Simplified and clarified a few bits of code, without changing behavior.

cpp/QrCode.cpp

@@ -569,8 +569,8 @@ vector<uint8_t> QrCode::reedSolomonComputeRemainder(const vector<uint8_t> &data,
 		uint8_t factor = b ^ result.at(0);
 		result.erase(result.begin());
 		result.push_back(0);
-		for (size_t j = 0; j < result.size(); j++)
-			result.at(j) ^= reedSolomonMultiply(divisor.at(j), factor);
+		for (size_t i = 0; i < result.size(); i++)
+			result.at(i) ^= reedSolomonMultiply(divisor.at(i), factor);
 	}
 	return result;
 }

java/src/main/java/io/nayuki/qrcodegen/QrCode.java

@@ -768,7 +768,7 @@ public final class QrCode {
 	// Returns the product of the two given field elements modulo GF(2^8/0x11D). The arguments and result
 	// are unsigned 8-bit integers. This could be implemented as a lookup table of 256*256 entries of uint8.
 	private static int reedSolomonMultiply(int x, int y) {
-		assert x >>> 8 == 0 && y >>> 8 == 0;
+		assert x >> 8 == 0 && y >> 8 == 0;
 		// Russian peasant multiplication
 		int z = 0;
 		for (int i = 7; i >= 0; i--) {

python/qrcodegen.py

@@ -567,7 +567,7 @@ class QrCode(object):
 	def _reed_solomon_compute_divisor(degree):
 		"""Returns a Reed-Solomon ECC generator polynomial for the given degree.

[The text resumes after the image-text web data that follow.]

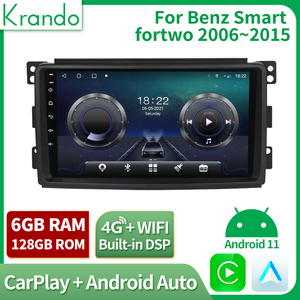 Krando Xe Màn hình cảm ứng FM DSP 8 lõi <span class=keywords><strong>Android</strong></span> Navigation cho Benz thông minh fortwo 2006 ~ 2015 Carplay headunit wifi 4 gam <span class=keywords><strong>Android</strong></span> tự động - Product Image 2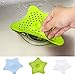 3 Pcs Silicone Drain Hair Catcher, Kitchen Sink Strainer - Bathroom Shower Sink Stopper - Drain Cover Hair Trap, Filter for Kitchen Bathroom Tub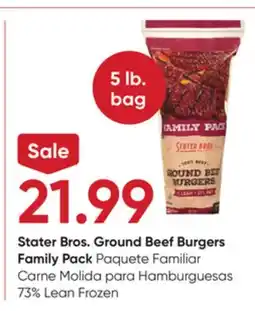 Stater Bros Stater Bros. Ground Beef Burgers Family offer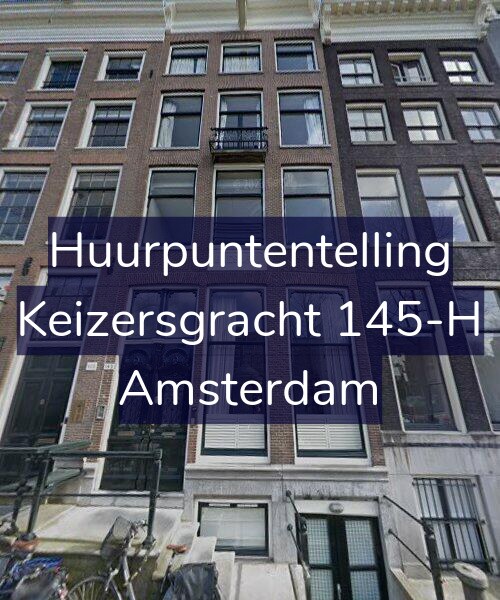 Foto gevel Huurpuntentelling voor Keizersgracht 145-H, Amsterdam
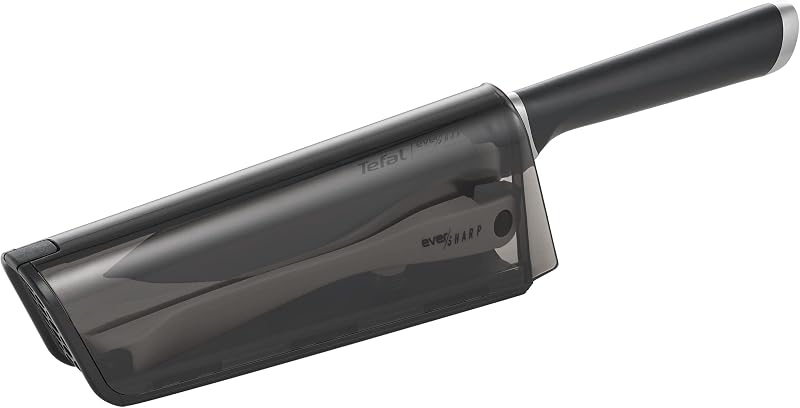 Tefal Chef Knife 16.5 cm, Built-in Sharpener, Safe Technology, German Stainless Steel, Versatile Kitchen Knife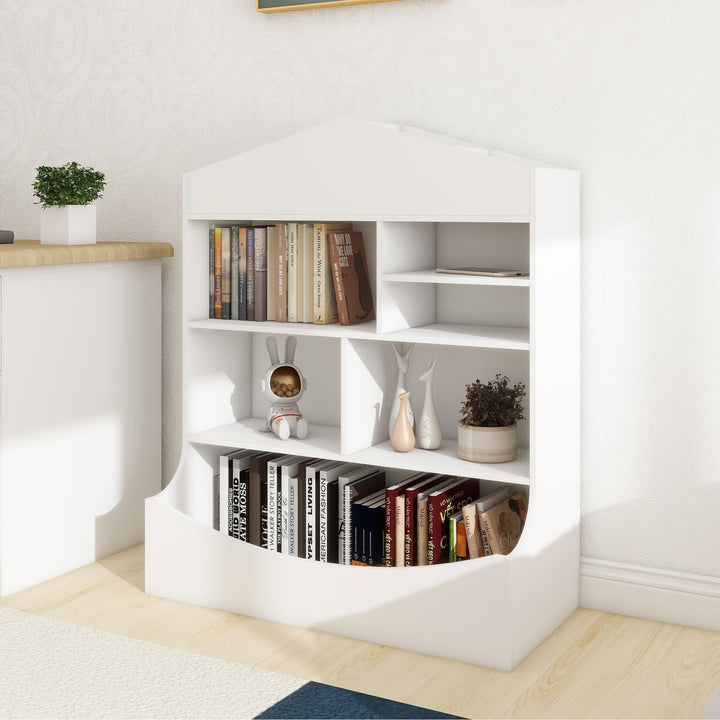 Children's Multi-Functional 7 Shelf Bookcase Storage Display Rack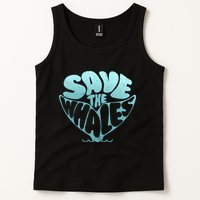 Whale Tail Save The Whales Tank Top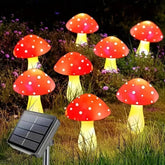 8 solar mushroom lights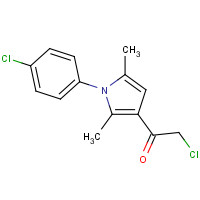 571159-05-2 2-chloro-1-[1-(4-chlorophenyl)-2,5-dimethylpyrrol-3-yl]ethanone chemical structure
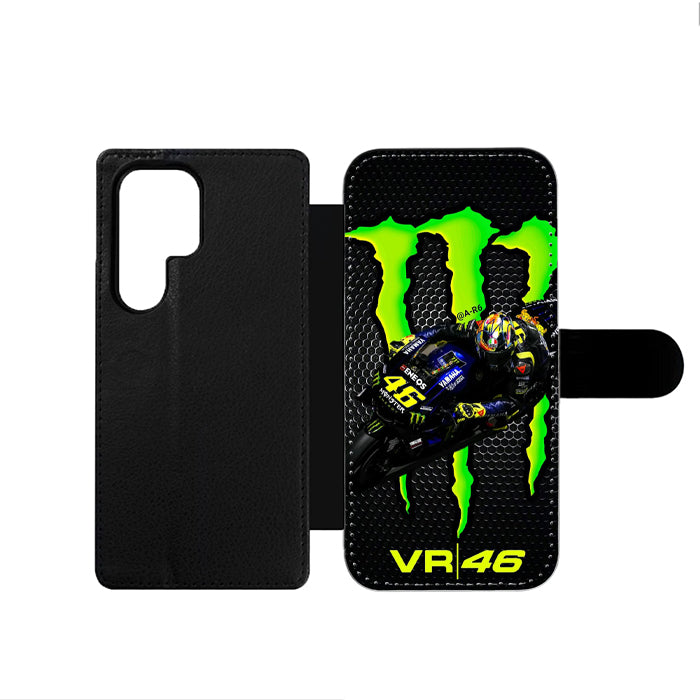 Valentino Rossi Vr46 Monster Energy Samsung Wallet Case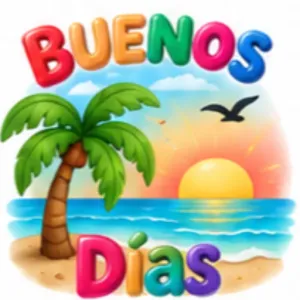 BUENOS DIAS - getsticker.com
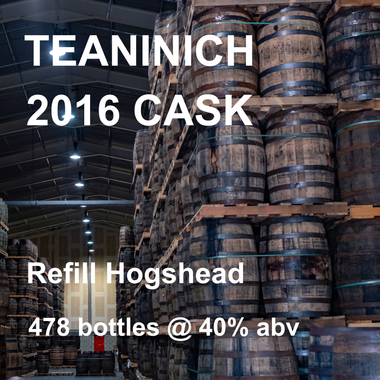TEANINICH 10yo CASK : Refill Hogshead (Feb 2016)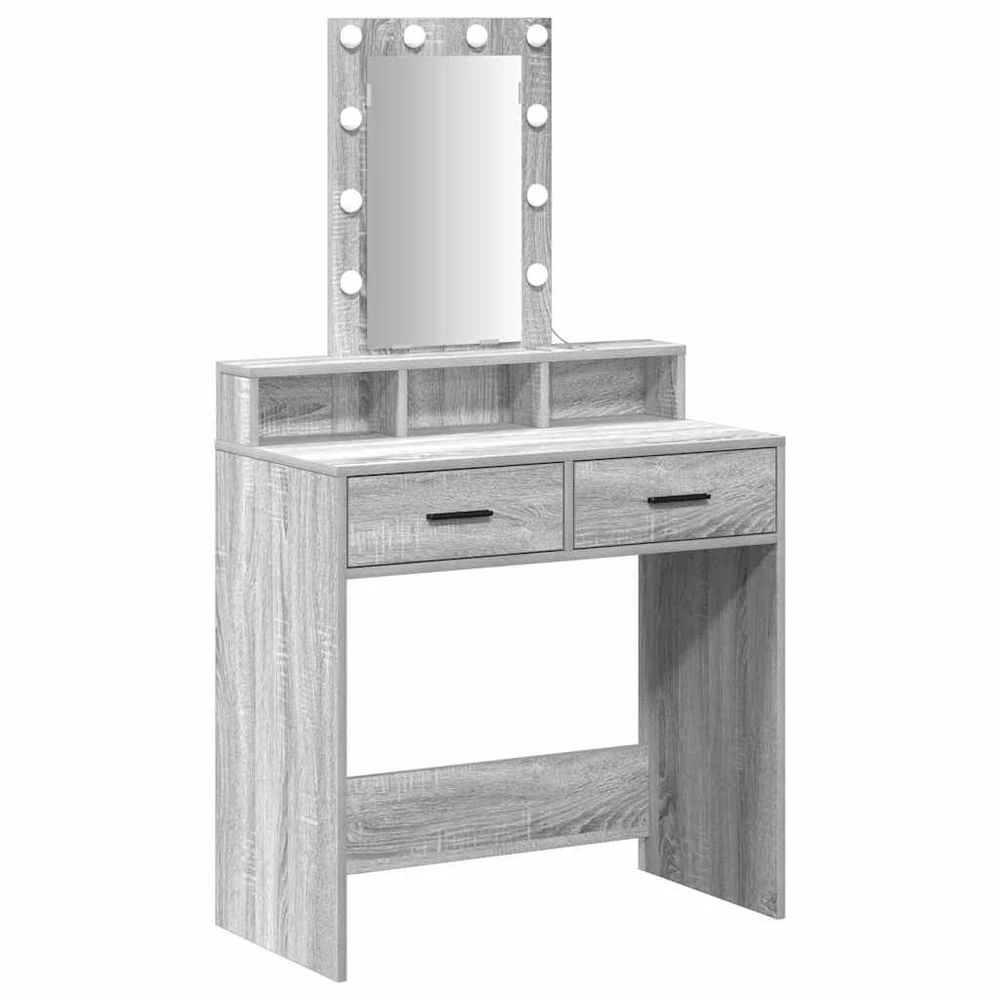 Makiažo stalas Pilka 79 x 41 x 140 cm Apdirbta mediena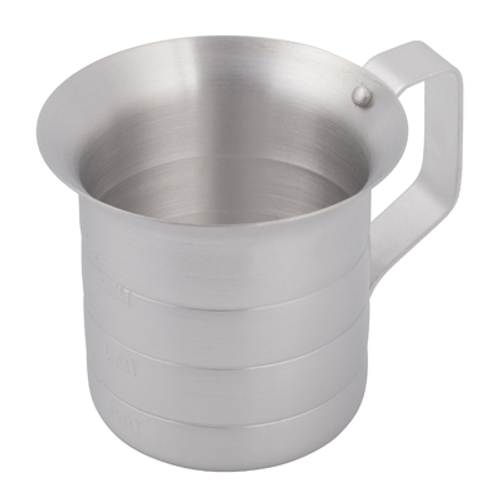 Winco AM-05 1/2 qt Aluminum Measuring Cup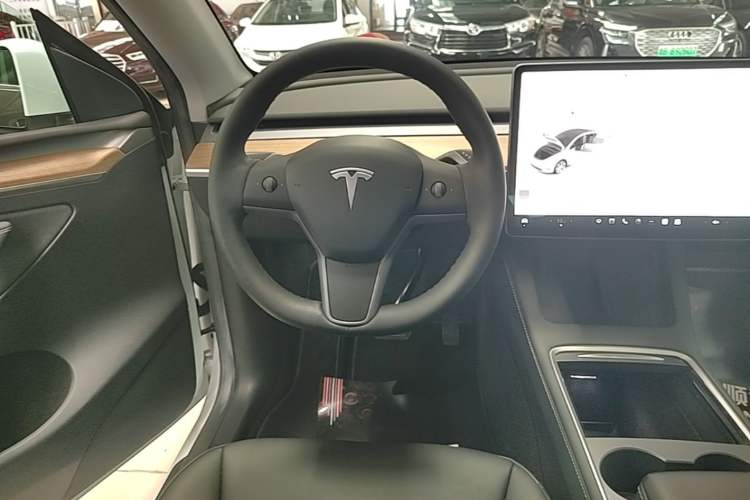 Used Tesla Model Y 2022 Rear-Wheel-Drive Version Steering Wheel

This could be
 		implemented as a lookup table over all possible parameter values, instead of as an algorithm."""
-		if degree < 1 or degree > 255:
+		if not (1 <= degree <= 255):
 			raise ValueError("Degree out of range")
 		# Polynomial coefficients are stored from highest to lowest power, excluding the leading term which is always 1.
 		# For example the polynomial x^3 + 255x^2 + 8x + 93 is stored as the uint8 array [255, 8, 93].